--- START ---

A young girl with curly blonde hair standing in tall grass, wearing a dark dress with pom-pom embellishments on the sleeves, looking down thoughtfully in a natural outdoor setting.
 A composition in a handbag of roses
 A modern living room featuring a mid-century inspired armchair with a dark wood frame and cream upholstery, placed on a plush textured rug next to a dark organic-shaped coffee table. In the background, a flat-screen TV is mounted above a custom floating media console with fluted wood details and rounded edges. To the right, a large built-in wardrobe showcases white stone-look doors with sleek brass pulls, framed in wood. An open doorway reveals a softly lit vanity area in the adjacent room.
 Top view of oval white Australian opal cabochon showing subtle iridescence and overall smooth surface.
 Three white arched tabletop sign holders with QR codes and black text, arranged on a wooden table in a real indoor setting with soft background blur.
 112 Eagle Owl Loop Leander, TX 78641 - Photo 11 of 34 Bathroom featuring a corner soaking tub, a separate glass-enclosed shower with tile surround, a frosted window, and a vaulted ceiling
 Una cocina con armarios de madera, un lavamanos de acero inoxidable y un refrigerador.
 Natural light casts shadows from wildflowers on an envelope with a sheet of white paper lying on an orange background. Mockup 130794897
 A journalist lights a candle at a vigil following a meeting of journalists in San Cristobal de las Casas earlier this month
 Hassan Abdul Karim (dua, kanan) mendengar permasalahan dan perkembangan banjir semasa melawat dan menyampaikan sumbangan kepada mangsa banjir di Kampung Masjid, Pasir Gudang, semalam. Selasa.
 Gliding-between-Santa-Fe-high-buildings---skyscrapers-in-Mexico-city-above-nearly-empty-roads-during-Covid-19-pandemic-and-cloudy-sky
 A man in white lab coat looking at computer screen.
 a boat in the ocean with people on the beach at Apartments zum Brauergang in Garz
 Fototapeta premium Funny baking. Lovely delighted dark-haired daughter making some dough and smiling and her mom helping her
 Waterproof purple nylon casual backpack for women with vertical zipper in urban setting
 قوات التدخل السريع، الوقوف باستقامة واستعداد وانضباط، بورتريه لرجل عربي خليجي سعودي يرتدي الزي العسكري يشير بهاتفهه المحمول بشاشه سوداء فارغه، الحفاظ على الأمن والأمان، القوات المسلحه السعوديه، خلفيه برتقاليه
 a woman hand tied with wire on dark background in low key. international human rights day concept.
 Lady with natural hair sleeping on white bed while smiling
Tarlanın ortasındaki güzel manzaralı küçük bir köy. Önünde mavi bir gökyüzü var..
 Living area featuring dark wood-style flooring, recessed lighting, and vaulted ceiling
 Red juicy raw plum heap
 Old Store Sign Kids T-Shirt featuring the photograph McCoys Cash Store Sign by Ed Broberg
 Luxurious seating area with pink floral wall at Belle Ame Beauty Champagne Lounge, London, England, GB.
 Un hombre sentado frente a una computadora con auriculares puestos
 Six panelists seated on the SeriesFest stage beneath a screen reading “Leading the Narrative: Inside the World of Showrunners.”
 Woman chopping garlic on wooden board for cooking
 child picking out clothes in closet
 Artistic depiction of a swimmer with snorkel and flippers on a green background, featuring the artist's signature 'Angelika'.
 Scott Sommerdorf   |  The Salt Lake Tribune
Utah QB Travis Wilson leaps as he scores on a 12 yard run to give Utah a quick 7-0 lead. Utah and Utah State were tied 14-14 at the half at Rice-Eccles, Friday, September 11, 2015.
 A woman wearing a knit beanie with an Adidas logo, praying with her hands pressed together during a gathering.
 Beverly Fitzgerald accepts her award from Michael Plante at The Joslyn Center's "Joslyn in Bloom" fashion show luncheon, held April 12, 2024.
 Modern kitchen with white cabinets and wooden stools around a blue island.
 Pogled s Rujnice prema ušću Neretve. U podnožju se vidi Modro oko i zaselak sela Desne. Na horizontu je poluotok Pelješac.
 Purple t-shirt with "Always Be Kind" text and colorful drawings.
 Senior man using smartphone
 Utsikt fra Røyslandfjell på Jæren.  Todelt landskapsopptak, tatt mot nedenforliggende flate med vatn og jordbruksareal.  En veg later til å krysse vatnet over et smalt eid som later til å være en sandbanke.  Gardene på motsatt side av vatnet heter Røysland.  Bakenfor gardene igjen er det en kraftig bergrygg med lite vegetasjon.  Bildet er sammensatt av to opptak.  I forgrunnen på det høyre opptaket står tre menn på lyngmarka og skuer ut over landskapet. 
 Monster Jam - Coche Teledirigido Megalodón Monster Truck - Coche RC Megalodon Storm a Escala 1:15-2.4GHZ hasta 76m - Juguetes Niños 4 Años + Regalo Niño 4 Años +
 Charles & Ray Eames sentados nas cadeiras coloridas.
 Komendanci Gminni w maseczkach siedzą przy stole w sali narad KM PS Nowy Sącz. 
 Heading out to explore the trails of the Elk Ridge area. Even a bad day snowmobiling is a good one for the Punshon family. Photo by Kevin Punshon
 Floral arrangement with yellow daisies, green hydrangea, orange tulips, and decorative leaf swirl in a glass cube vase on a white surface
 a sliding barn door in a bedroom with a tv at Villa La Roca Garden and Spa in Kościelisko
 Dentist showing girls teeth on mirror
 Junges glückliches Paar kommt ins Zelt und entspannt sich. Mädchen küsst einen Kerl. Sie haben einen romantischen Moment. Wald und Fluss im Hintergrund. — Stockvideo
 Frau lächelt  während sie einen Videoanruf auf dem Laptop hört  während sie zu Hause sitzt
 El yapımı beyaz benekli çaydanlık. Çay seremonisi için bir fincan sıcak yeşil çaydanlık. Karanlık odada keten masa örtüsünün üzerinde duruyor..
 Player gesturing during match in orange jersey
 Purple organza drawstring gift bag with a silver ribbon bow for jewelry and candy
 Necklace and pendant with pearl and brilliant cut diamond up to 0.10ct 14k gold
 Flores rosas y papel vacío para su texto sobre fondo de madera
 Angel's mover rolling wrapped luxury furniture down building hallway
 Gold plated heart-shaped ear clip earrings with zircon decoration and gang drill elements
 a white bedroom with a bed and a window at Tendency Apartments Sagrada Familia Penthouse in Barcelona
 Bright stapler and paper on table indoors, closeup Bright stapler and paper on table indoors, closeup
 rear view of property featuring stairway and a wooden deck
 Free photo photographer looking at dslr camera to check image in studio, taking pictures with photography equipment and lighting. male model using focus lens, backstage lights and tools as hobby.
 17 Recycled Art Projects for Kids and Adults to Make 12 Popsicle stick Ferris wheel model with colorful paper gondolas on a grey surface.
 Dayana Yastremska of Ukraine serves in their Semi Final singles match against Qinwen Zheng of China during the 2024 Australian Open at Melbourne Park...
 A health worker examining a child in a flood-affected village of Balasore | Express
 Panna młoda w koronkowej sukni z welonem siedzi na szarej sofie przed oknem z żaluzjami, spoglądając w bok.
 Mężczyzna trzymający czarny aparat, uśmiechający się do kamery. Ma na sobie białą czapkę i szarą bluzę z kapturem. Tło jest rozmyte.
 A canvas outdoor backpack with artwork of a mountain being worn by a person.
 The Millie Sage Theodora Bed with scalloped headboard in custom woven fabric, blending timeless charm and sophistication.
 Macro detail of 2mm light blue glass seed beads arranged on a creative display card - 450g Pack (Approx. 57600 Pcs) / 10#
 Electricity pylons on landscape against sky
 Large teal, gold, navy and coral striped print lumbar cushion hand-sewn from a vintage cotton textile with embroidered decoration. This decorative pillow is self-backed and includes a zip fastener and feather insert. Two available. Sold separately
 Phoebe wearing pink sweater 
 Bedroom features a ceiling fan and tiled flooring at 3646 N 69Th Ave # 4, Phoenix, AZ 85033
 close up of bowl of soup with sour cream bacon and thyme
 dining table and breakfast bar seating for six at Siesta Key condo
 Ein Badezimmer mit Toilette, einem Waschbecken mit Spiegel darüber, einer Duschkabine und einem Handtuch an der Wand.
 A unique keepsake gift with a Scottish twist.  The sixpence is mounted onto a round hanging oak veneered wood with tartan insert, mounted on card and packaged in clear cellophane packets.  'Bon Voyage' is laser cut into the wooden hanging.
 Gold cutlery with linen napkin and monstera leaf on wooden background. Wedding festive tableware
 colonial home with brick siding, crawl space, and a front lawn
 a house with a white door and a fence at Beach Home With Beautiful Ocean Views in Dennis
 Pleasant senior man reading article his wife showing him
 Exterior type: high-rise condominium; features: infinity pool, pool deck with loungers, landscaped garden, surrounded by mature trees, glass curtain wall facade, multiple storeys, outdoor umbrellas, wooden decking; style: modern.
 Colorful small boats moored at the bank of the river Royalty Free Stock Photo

--- END ---

- **Task description**: Among the records, find the lines that contain "from" and copy each of them.

- **Answer for this exercise**:
 Natural light casts shadows from wildflowers on an envelope with a sheet of white paper lying on an orange background. Mockup 130794897
 Beverly Fitzgerald accepts her award from Michael Plante at The Joslyn Center's "Joslyn in Bloom" fashion show luncheon, held April 12, 2024.
 Large teal, gold, navy and coral striped print lumbar cushion hand-sewn from a vintage cotton textile with embroidered decoration. This decorative pillow is self-backed and includes a zip fastener and feather insert. Two available. Sold separately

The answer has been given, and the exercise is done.